Living in groups of perhaps several dozen individuals requires a simple but strict social organization.  Individuals seeking food on their own would eventually hit a stretch of bad look and fail to accumulate enough food to support themselves.  Such individuals would survive by having access to surplus food acquired by others.  Sharing of necessary materials was obligatory and efficient.  There was little of lasting value that would tempt some to accumulate “wealth” superior to that of others.  Little is known about the details of interactions between the sexes, but one suspects that neither was inherently dominant.  While males were likely more physically powerful, the gathering of the females was likely more efficient than the hunting of the males at providing nourishment for the group.

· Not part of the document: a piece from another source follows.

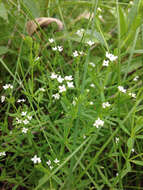 Galium tinctorium L. resmi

Humans and animals—mammals at least—share the same body organs and body chemistry.  Consequently, one expects the intense maternal bond to infants to have always existed in human history.  Current human males only produce small amounts of the bonding chemicals so effective in females, leading them to exhibit varying degrees of paternal support for offspring.  This is probably an improvement over time given that the male kinship influence in our nearest neighbors, the chimpanzees, extends to merely being willing to practice infanticide only on other male chimps’ offspring.  Otherwise they play no role in raising infants.  Little is known about extended families, but females eventually developed lives that extended well past their childbearing periods.  This is unusual in the world of animals.  It is not clear whether natural selection truncated their childbearing time or extended their longevity (or both), but the kinship between an aged mother and daughter would provide the daughter with a dependable babysitter while she foraged for food, or for another to assist in the foraging.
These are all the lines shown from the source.